The disputed sea is ringed by China, Taiwan and Southeast Asian nations, but Beijing claims nearly all of it. It has turned reefs into artificial islands, then into military bases, with missiles, radar systems and air strips that are a problem for the U.S. Navy. It has built a large coast guard that among other things harasses offshore oil-and-gas operations of Southeast Asian nations, and a fishing militia that swarms the rich fishing waters, lingering for days.
The U.S. missed the moment to hold back China’s buildup in part because it was focused on collaborating with Beijing on global issues such as North Korea and Iran, and was preoccupied by wars in Iraq and Afghanistan. China also stated outright in 2015 that it didn’t intend to militarize the South China Sea.
China’s broader challenge to America’s long pre-eminence across the Indo-Pacific region threatens U.S. allies such as Japan, and puts the vast majority of the world’s advanced semiconductors, which are produced in Taiwan, at risk. China’s buildup in the South China Sea especially threatens the Philippines, a U.S. ally.
Former U.S. and Southeast Asian officials and security analysts warn that China’s gains in the waters are now so entrenched that, short of military conflict, they are unlikely to be reversed.
“They have such a reach now into the South China Sea with sea power and air power” they could obstruct or interfere with international trade, said retired Adm. Harry B. Harris Jr., who long was a senior naval officer in the region and led the U.S. Pacific Command from 2015 to 2018. The U.S. would have to decide if it would go to war with China if it carried out such actions, he said.
China’s Foreign Ministry didn’t respond to a request for comment.
China said previously its coast guard used the laser with the Philippine vessel for navigation safety and said it took possession of the rocket debris after friendly consultation. In response to the U.S. allegation that it conducted an unsafe air maneuver in December, Beijing accused the American aircraft of flying dangerously.
More broadly, China has accused the U.S. of meddling in the region, and rejected a 2016 ruling by an international tribunal that said its claims to historic rights in the South China Sea had no legal basis.
In recent years, the U.S. has named China as its main security challenge. Lately, disputes between the two nations over a suspected surveillance balloon and sharp rhetoric have pushed U.S.-China relations to their most hostile in years.
President Xi Jinping, who took office as China’s head of state in 2013, has backed a stronger Chinese military and a more assertive foreign posture as part of his campaign to steadily expand Beijing’s global clout. On Friday, Iran and Saudi Arabia agreed to re-establish diplomatic relations in a deal mediated by China, signaling its rapidly growing influence overseas.
Taiwan, which China claims as its territory, is at the center of growing tensions in the region. In August, China carried out dayslong military exercises around Taiwan that included launching missiles over the island for what is believed to be the first time.
China’s gradualist approach has often confounded its opponents, leaving them uncertain about whether, when and how strongly to respond without escalating tensions. “That’s the long game that they often play,” the U.S. Navy’s 7th Fleet Commander Vice Adm.

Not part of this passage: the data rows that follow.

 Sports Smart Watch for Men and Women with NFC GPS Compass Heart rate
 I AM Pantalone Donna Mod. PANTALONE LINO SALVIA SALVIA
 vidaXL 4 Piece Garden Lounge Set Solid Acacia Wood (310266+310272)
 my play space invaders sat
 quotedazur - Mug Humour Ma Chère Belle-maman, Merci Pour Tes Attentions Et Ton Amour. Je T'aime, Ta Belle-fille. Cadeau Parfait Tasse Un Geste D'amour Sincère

Karl Thomas said in an interview last year. “They will build a capability—it’s there and they’ll just incrementally increase their presence.”

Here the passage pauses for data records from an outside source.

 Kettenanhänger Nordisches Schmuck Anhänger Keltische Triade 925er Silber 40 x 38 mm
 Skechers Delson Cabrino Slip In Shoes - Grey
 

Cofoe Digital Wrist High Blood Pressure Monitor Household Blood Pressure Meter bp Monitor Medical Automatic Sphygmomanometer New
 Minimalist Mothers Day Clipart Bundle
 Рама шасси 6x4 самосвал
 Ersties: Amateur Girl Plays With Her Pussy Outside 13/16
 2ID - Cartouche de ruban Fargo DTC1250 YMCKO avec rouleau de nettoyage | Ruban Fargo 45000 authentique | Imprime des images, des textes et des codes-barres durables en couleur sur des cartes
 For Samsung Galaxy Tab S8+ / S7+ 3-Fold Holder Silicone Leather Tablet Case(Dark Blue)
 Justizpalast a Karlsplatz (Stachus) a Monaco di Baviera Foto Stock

U.S. Defense Department spokesman Lt. Col. Martin Meiners said that China’s decision “to conduct large-scale land reclamation, outpost construction, and militarization of disputed land features in the South China Sea is deeply destabilizing and has, over the years, brought into sharper focus Beijing’s increasing resort to coercion and deception to change facts on the ground.”
The U.S. will maintain an active military presence in the South China Sea through strategic patrols, and combined and multinational exercises, he said. The U.S. is also upgrading its force posture in the Indo-Pacific, he said, to build a more dynamic and flexible forward presence in the region.
In January, aircraft carrier USS Nimitz with around 5,000 crew on board sailed through the South China Sea with three American destroyers and a cruiser. The carrier strike group’s mission was to show the flag, said Rear Adm. Christopher Sweeney.
“We’re going to fly, sail and operate wherever international law allows us,” he said, amid the whir and thud of fighter jets landing on the flight deck.
China’s outposts present additional potential threats for the U.S. military to track and counter. Three of the outposts in the Spratly group of islands (南沙群島) are full-fledged military bases that host airfields, surface-to-air and anti-ship missiles, radars and sensors that allow China to see and hear almost everything that happens in the area. One in the Paracels (西沙群島), farther north, also has an airfield, and China has landed a heavy bomber there.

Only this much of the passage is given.